Pour les Métabolistes, la transformation perpétuelle doit avoir lieu au cœur de la Mégapole. Durant la seconde moitié du XXe siècle, les villes ont connu une croissance incontrôlée et frénétique. La réponse des Métabolistes à ce problème, qui deviendra leur fer de lance, est un type d'urbanisme combinant des méga-infrastructures pérennes et des habitations préfabriquées et interchangeables. Ainsi, les villes peuvent se développer autour d'artères horizontales et d'immeubles de grande hauteur ou d'ensembles de terrasses superposées, destinés à accueillir des unités d'habitation temporaires. Avec deux tours centrales en béton armé et 140 logements capsules démontables, la tour à capsules Nakagin est un parfait exemple de ce type d'architecture.

Si ce type de système urbain n'a pas été développé depuis, l'idée d'une ville sans cesse renouvelée est une analyse partagée par de nombreux architectes contemporains. Pour Toko Ito, architecte bien connu et héritier de Métabolisme, la vie d'un bâtiment est terminée lorsqu'il n'est plus fonctionnel. L'un des exemples les plus célèbres est le White U qu'il a construit en 1976 pour un commissaire privé. Vingt et un ans plus tard, la maison ne correspondait plus aux besoins de la famille, et le propriétaire, avec l'architecte, a décidé de la démolir. La régénération urbaine ne peut être planifiée à l'échelle de la ville, elle est organique et s'organise au rythme des cycles de vie, ou, comme on dirait aujourd'hui, des rythmes des cycles d'"usage" de chaque bâtiment. En ce sens, la tour à capsules Nakagin pourrait très bien être démantelée afin de construire un bâtiment répondant aux normes modernes.

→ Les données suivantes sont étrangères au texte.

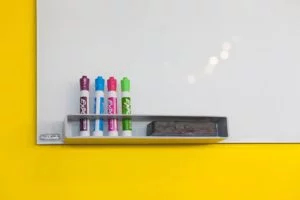 Colorful dry-erase markers and eraser on whiteboard tray with bright yellow wall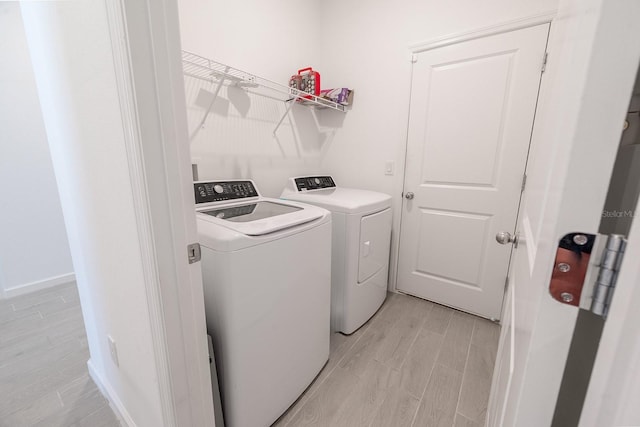 clothes washing area with washing machine and clothes dryer and light wood-type flooring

Comme une capsule spatiale, l'habitat des Nakagin est un refuge pour l'homme moderne assailli par l'information. C'est le cocon dans lequel se glisse l'employé pour dormir, éventuellement manger, s'informer ou méditer. Télévision, magnétophone et téléphone : toutes les technologies de l'information les plus récentes sont intégrées directement dans les murs du studio. En 1969, quelques années avant la construction de la tour à capsules Nakagin, Kisho Kurokawa a publié Homo movens, un essai dans lequel il théorise ce nouvel être humain, un individu augmenté grâce aux fonctions technologiques de son logement, et dont la liberté suprême est la mobilité. L'habitat devient une prothèse, à mi-chemin entre la coquille d'escargot et la micropuce incrustée sous la peau : l'architecture cyborg.

"La capsule est destinée à instituer un système familial entièrement nouveau, centré sur les individus... l'unité de logement basée sur un couple marié va se désintégrer ", prédisait Kurokawa. La capsule est l'outil de planification urbaine destiné à inaugurer une nouvelle société. Si la tour à capsules Nakagin témoigne de l'échec de cet objectif, Kisho Kurokawa a poursuivi ses recherches sur les microhabitats, abandonnant l'idée d'un habitat mobile. En 1979, il a inauguré l'Osaka Capsule Inn, premier hôtel capsule dont le concept s'est alors répandu dans tout le pays et dont on a parlé dans le monde entier.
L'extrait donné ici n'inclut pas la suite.